The larger the ratio of aspirational to consumption consumers in the target audience, the higher the brand's premium, e.g. Maybach cars. To keep the premium level of a brand high, the consumption portion of the audience should not exceed 30% of the aspirational audience.

Aspirational brand or model: fashion magazines

In the context of fashion magazines, the "aspirational model" offers readers continuing (and continually changing) fashion, beauty, and physical ideals to which they can aspire but, perhaps, never actually achieve. Criticized for this approach, magazine editors have claimed that their readers do not want to see "real-life" models or the way that beauty products and clothes look on "real women"; that they buy the magazines in the first place because they prefer the aspirational fantasies, and in the second, because they continually hope that by following the advice or buying the products, they will achieve the ever-changing looks that the magazine promotes via the models and photographic/technological wizardry.

Aspirational brand strategy

Aspirational brand strategies are designed to re-position a brand within a marketplace. The idea is that brand can lead organizational change and lead consumer opinion about a brand. Aspirational brand strategies are used when the current image of the brand is either negative or no longer relevant to the company.

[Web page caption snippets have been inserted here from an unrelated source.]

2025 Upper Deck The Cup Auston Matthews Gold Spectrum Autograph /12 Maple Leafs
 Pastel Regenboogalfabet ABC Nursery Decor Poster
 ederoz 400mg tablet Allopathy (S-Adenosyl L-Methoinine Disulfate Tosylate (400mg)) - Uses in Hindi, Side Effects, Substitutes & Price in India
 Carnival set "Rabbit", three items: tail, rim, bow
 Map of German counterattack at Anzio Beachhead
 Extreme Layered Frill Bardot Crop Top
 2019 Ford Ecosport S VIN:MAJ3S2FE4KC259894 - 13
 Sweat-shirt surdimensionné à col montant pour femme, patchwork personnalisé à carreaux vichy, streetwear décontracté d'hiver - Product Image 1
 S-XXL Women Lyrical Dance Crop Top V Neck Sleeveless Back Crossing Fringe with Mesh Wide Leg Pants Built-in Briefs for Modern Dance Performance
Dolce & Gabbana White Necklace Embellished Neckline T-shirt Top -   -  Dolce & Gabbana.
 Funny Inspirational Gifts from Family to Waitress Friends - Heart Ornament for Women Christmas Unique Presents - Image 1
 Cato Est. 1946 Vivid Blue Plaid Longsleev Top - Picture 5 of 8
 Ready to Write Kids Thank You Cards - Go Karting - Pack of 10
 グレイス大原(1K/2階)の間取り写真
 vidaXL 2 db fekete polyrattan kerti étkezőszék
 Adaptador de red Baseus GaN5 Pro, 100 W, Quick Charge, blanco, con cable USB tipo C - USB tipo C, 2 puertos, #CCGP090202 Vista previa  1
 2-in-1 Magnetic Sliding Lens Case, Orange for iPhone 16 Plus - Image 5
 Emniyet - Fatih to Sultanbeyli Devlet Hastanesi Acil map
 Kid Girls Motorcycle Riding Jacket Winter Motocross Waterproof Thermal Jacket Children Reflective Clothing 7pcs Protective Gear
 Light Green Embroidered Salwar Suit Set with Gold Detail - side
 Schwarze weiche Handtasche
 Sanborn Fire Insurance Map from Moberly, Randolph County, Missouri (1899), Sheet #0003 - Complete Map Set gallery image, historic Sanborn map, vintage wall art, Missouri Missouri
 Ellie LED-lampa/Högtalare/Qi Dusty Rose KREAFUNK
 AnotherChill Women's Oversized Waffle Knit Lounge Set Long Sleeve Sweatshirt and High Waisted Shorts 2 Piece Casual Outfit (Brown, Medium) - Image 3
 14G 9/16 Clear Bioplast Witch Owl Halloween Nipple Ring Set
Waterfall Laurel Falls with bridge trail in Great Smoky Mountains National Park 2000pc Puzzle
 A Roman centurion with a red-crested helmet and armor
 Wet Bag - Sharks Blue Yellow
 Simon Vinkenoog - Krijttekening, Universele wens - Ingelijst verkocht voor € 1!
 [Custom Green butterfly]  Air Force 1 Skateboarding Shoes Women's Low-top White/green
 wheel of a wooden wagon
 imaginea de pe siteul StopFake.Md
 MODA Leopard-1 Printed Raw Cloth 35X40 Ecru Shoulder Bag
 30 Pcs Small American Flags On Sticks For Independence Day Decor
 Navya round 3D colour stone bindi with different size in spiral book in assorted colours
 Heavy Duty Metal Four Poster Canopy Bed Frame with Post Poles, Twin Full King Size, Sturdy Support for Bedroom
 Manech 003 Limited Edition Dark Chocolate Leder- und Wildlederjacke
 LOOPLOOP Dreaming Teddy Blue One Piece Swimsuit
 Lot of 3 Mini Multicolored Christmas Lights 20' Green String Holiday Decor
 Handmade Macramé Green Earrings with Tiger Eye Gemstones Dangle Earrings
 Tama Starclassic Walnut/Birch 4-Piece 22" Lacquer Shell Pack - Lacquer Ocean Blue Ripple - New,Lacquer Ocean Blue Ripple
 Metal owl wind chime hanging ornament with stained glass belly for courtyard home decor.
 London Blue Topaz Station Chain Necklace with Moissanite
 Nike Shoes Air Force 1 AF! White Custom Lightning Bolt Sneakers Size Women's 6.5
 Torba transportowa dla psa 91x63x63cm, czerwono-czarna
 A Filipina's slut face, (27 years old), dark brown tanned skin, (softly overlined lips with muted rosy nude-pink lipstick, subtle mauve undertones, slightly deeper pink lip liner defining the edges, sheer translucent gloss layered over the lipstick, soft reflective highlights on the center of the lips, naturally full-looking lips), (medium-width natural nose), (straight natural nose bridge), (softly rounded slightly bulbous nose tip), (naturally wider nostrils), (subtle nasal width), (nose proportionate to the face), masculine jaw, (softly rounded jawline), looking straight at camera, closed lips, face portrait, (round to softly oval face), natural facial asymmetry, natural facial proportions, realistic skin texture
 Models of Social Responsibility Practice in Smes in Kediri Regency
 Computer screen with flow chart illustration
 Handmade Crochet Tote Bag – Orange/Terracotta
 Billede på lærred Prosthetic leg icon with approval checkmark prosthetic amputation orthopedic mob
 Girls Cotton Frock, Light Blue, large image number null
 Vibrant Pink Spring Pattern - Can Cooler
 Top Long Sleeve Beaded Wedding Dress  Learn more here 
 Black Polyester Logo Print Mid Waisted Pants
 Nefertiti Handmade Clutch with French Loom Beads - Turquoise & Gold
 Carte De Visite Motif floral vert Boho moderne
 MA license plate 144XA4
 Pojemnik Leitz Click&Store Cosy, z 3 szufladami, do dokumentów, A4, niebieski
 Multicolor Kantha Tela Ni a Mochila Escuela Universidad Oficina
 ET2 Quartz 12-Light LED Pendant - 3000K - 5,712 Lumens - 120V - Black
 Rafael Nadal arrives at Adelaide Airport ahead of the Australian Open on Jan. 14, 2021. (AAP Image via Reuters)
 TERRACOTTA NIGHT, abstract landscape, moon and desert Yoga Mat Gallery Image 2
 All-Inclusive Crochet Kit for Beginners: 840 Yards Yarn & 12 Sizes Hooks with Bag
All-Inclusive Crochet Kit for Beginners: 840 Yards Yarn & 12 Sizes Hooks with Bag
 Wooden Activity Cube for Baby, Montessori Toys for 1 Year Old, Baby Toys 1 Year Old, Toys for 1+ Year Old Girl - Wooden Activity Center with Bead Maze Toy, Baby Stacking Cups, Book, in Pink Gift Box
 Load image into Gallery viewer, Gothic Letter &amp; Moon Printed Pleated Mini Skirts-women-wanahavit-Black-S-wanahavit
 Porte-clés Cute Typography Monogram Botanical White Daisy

Companies have to take great care in employing an aspirational brand strategy. The company needs to be structured around truly delivering on the promise and must have employees who understand the brand goals and actively and daily work to achieve them. BP learned the dangers of aspirational branding during the summer of 2010 during the BP/Deepwater Oil Spill disaster. As the article BP: Disingenuously Branding explains, the aspiration of the company to be environmentally friendly and "Beyond Petroleum" backfired in a big way.[1]